TASK INSTRUCTIONS
Return exactly the lines below, starting with the one that has "Zenshifts Screenshot 2" and going on through the one that has "De Nanny - Melissa".

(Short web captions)

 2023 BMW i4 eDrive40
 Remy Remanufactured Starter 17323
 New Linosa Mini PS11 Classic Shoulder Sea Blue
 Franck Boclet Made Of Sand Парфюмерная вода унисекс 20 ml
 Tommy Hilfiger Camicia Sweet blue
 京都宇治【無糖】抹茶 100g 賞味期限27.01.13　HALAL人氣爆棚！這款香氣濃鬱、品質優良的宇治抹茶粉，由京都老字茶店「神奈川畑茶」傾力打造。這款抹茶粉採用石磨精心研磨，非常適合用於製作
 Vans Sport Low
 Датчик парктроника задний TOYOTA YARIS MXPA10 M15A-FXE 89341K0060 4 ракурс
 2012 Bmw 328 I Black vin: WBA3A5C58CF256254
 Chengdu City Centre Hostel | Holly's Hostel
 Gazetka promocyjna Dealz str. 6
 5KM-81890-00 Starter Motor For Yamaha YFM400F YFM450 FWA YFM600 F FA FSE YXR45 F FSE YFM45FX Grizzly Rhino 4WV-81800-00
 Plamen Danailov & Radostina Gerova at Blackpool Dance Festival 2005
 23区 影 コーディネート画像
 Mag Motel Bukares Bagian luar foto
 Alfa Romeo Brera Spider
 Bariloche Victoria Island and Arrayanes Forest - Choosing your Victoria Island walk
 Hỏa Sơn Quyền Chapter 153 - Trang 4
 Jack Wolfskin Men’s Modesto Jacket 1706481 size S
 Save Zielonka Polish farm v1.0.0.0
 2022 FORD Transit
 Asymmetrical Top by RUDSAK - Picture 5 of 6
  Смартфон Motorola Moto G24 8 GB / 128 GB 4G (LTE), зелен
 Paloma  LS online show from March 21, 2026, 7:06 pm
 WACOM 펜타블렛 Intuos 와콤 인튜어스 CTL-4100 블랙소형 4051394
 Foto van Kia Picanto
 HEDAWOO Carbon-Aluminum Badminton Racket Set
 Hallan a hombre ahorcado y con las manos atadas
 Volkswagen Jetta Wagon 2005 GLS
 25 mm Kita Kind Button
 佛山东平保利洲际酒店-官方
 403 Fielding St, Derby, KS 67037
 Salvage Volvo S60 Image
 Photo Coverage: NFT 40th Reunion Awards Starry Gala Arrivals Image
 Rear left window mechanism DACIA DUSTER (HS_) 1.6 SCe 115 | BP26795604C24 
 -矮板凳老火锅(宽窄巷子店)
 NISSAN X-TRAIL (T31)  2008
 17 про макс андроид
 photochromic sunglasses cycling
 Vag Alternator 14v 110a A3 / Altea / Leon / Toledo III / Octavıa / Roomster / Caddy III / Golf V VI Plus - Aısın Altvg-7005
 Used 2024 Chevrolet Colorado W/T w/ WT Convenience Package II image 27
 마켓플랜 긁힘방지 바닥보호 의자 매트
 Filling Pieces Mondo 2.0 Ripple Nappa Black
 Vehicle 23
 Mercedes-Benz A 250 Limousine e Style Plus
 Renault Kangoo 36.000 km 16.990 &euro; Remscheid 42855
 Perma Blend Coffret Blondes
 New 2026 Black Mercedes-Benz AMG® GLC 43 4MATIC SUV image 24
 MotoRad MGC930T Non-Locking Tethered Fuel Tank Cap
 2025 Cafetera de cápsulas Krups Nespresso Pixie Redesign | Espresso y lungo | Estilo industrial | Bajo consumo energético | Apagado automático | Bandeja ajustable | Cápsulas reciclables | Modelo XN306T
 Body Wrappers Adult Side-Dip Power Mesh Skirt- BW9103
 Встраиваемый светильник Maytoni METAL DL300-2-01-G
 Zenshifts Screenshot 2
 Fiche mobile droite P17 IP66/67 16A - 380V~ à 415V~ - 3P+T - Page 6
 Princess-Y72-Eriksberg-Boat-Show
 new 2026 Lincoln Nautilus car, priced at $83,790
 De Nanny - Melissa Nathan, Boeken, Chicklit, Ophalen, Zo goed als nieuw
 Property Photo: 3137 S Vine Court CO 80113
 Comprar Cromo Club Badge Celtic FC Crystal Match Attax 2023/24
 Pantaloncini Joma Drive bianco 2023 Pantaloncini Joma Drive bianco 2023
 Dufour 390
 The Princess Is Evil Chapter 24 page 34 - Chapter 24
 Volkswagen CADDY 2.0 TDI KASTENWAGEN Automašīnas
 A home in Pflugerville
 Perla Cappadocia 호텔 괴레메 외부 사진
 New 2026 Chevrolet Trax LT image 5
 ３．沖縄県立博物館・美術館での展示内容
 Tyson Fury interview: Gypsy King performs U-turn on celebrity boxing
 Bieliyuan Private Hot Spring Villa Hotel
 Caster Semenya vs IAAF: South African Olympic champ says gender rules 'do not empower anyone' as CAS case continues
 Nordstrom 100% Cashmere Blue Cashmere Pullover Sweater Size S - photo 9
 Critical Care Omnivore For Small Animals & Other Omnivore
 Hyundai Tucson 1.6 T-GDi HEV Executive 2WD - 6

THE COMPLETED TASK
 Zenshifts Screenshot 2
 Fiche mobile droite P17 IP66/67 16A - 380V~ à 415V~ - 3P+T - Page 6
 Princess-Y72-Eriksberg-Boat-Show
 new 2026 Lincoln Nautilus car, priced at $83,790
 De Nanny - Melissa Nathan, Boeken, Chicklit, Ophalen, Zo goed als nieuw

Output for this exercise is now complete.